Sunday 30 June 2013

New Beginnings

Hello, long time no see because I've not had internet for the past week or two! :). Been a bit hectic with all the clinical skills. Been learning some knot tying stuff, and the board above is an example of what we use, and its free from the ethicon people. The deeper suture knot is intra-abdominal, and we've been told that the two handed tie is the most commonly examined in my practical exams (rather than the deep hook abdominal tie. 

Need to sort a few things out over the next few days. I'm having driving refresher lessons as I've quite forgotten how to drive over the last year and a half of not driving, hopefully I can still remember how to do roundabouts and motorways for when I start my first clinical placements two weeks tomorrow- scary. 

Going to practice my knot tying and suture skills if I can over the next few weeks- using some basic needle holders and shoelaces. You don't need any fancy material to practice clinical skills at all. I've also got to sort out my house accommodation for next year and unpack everything- I have too much stuff -.-. I also get exam results tomorrow. Feeling okay about it. Dog has her vaccinations on Friday- trying to just go onto the three year schedule rather than every year like my old vets used to do. Its been proven to be much better as a vaccination schedule. 
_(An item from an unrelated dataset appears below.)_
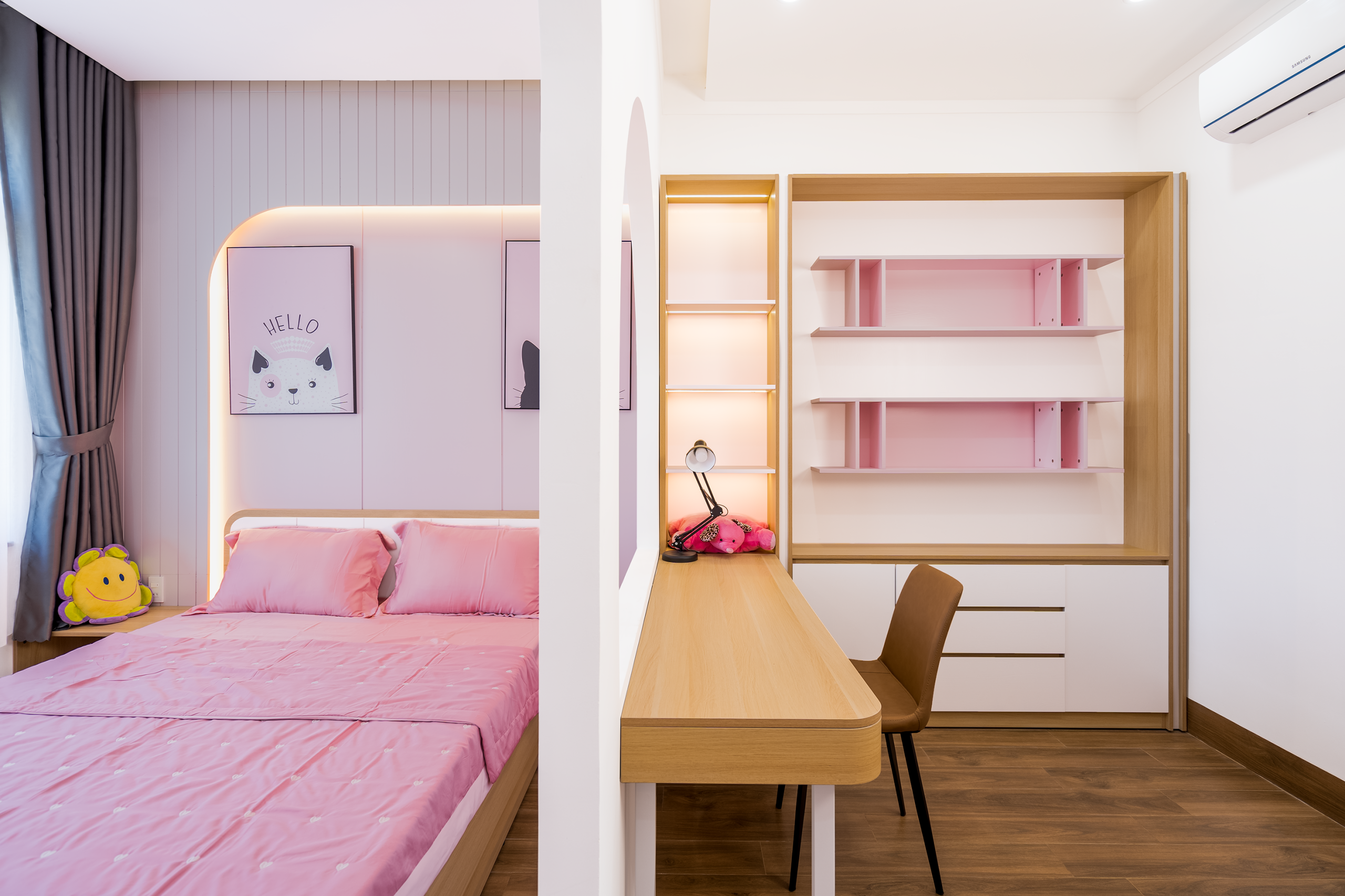 Stylish bedroom featuring pink bedding and a contemporary desk for a fresh interior design.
Will write more interesting things as I go on. I'm also trying to refresh all my old anatomy- I've fogotten limbs so much. 

Wednesday 19 June 2013

Clinical School- Week 2 :)


So far this week my lectures have varied quite a bit. The main themes so far have been animal toxicology and therapeutics (when to use the right antimicrobial which is a human made antibacterial drug or antibiotic which is a naturally synthesised drug) with varied interest levels from me! 

Therapeutics are of extreme importance with the growing concern of antibiotic resistance. There are a lot of rules concerning drugs, certification and the 'cascade rules' of drug use, of which I need to go through again to truly understand it. One of the main things I gleaned from these lectures- don't use fluroquinolone to treat E.Coli mastitis- either use sulphonamides or leave the case to resolve on its own. The antibiotic use in the UK needs to be a bit more regulated- especially with the farm animal side of the industry. I also learnt a bit about human generics of drugs, and prescriptions.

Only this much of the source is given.